EXTRACTED INFORMATION below:

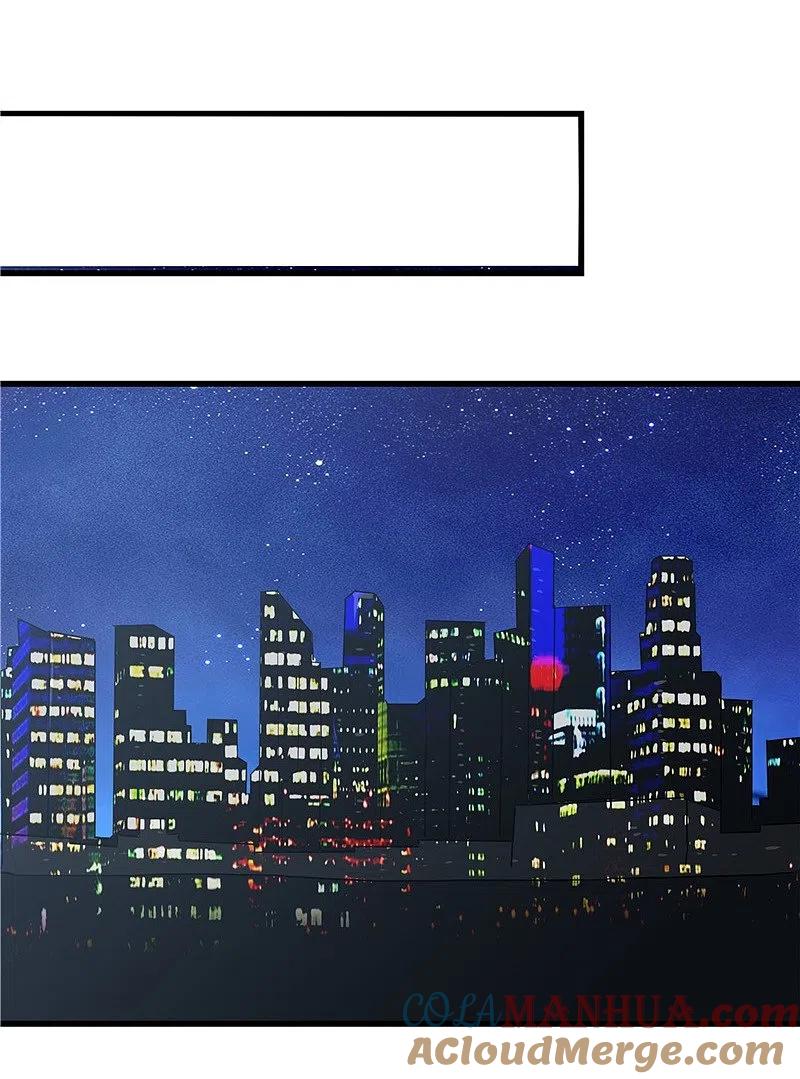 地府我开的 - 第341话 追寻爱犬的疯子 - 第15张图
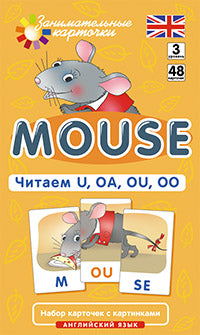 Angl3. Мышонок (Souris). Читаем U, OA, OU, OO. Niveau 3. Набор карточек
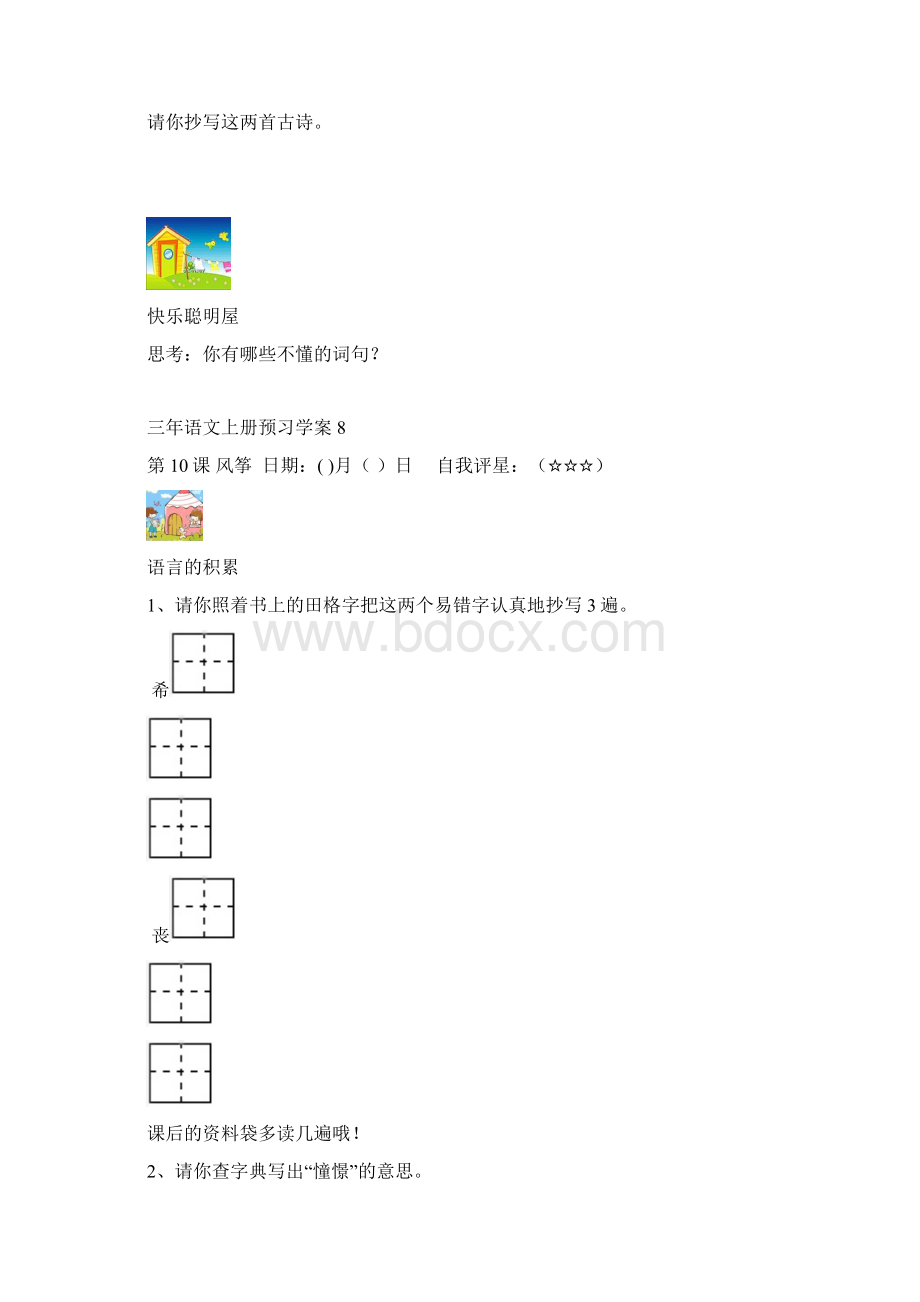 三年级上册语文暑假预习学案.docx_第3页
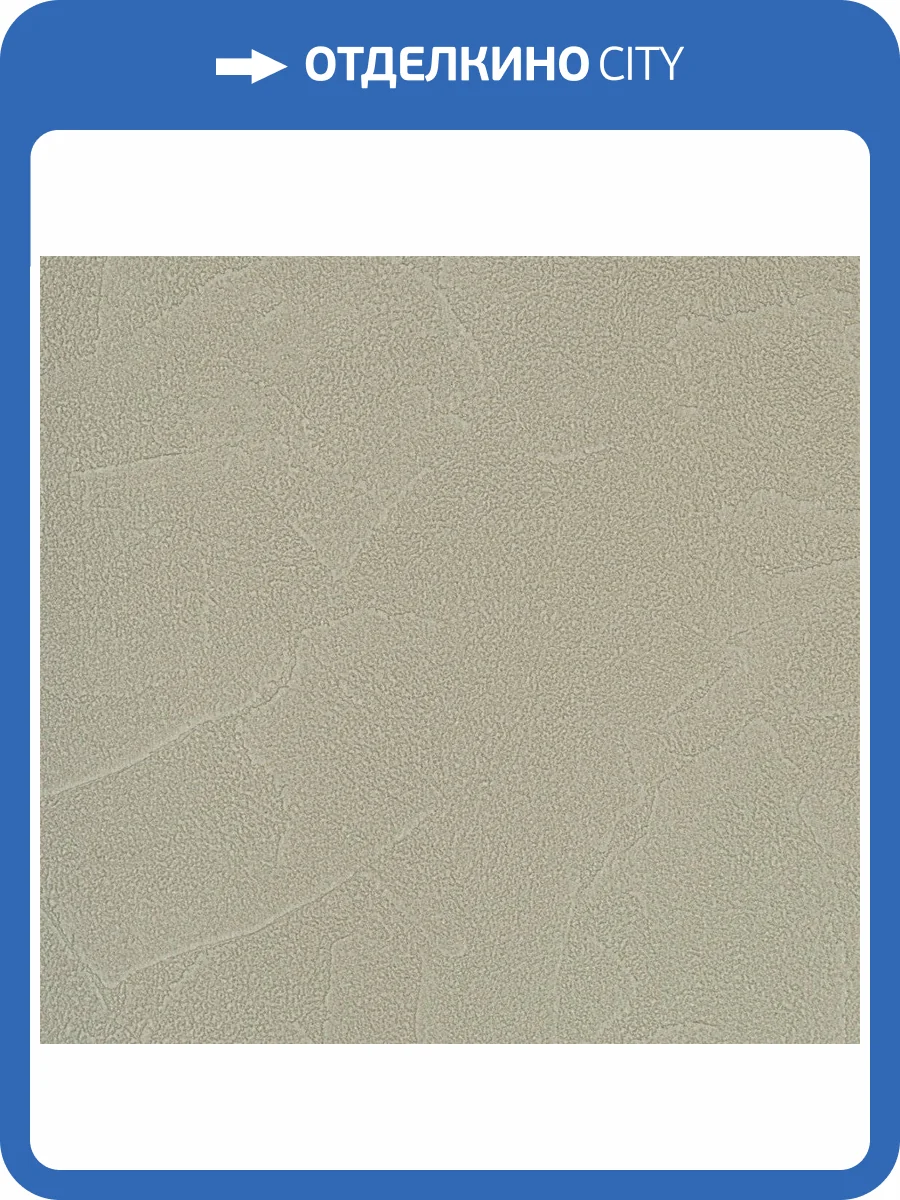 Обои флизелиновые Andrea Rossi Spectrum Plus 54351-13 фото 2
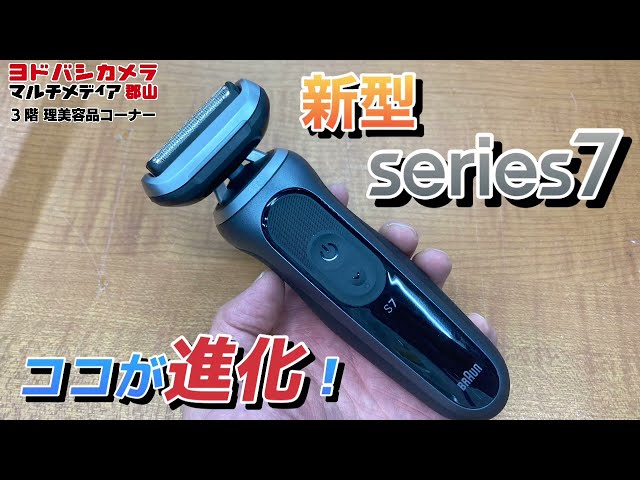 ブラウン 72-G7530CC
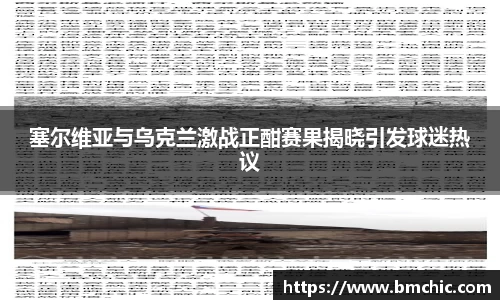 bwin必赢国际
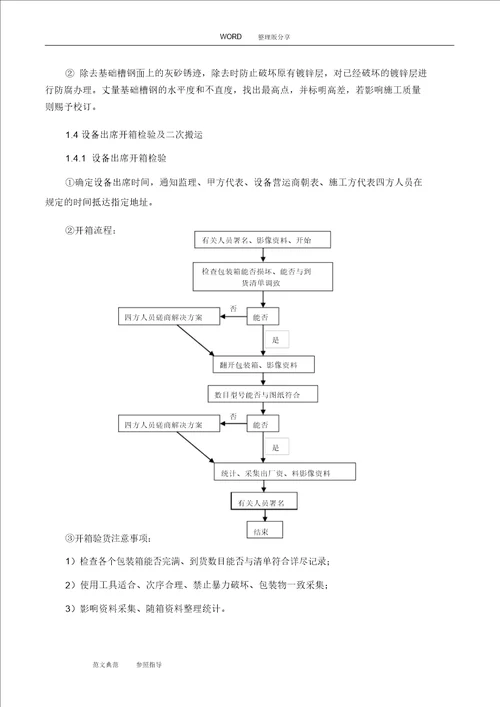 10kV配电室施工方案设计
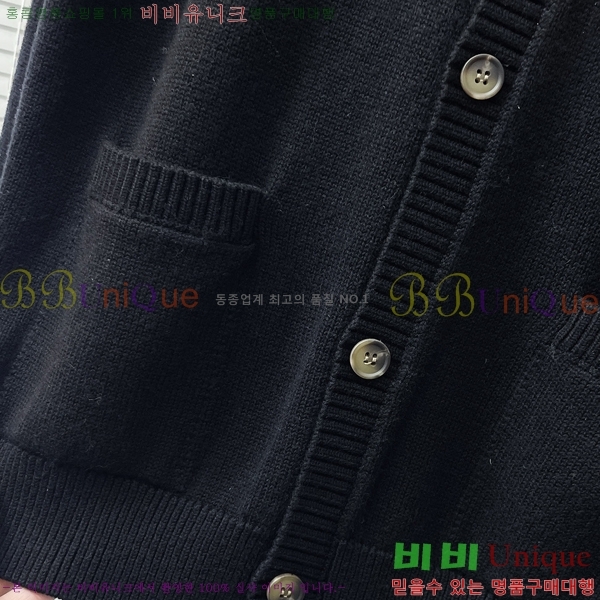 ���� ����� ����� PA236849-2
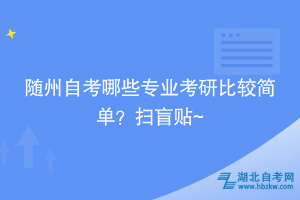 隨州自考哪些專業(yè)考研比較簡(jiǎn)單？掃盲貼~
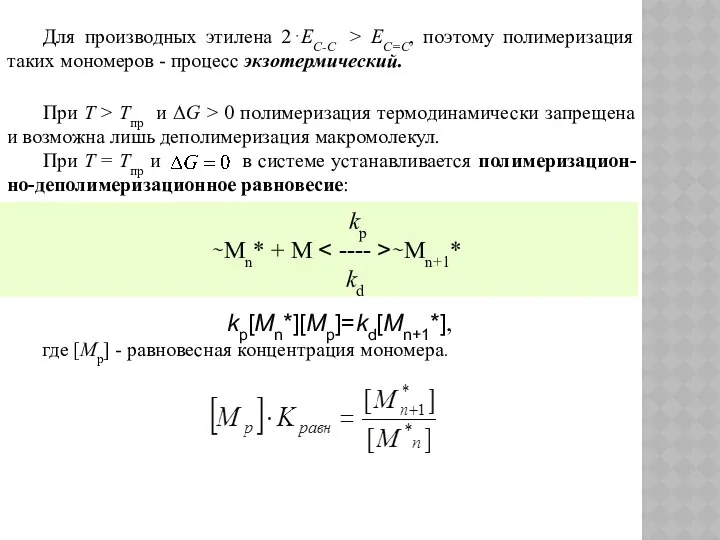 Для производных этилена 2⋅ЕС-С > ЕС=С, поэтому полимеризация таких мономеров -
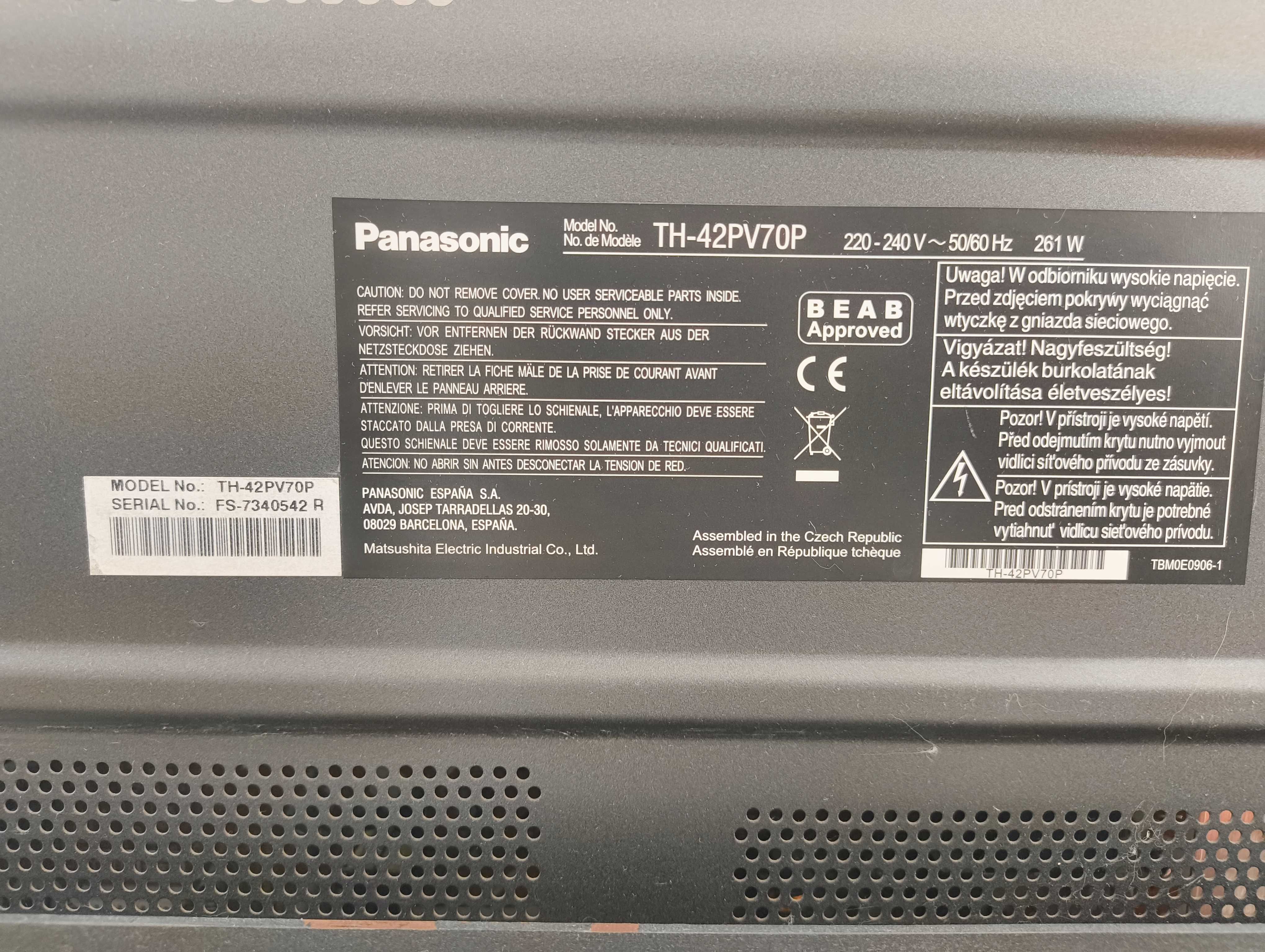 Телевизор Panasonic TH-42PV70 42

End of EXTRACTED INFORMATION.

**WHAT NEEDS TO BE DONE**: Without changing a word, transcribe all of the data and omit its images.

**TASK RESPONSE**:
 地府我开的 - 第341话 追寻爱犬的疯子 - 第15张图
 Angl3. Мышонок (Souris). Читаем U, OA, OU, OO. Niveau 3. Набор карточек
 三年级上册语文暑假预习学案.docx_第3页
 Обои флизелиновые Andrea Rossi Spectrum Plus 54351-13 фото 2
 ブラウン 72-G7530CC
 bwin必赢国际
 10kV配电室施工方案设计
 ���� ����� ����� PA236849-2
 隨州自考哪些專業(yè)考研比較簡(jiǎn)單？掃盲貼~
 Для производных этилена 2⋅ЕС-С > ЕС=С, поэтому полимеризация таких мономеров -
 Телевизор Panasonic TH-42PV70 42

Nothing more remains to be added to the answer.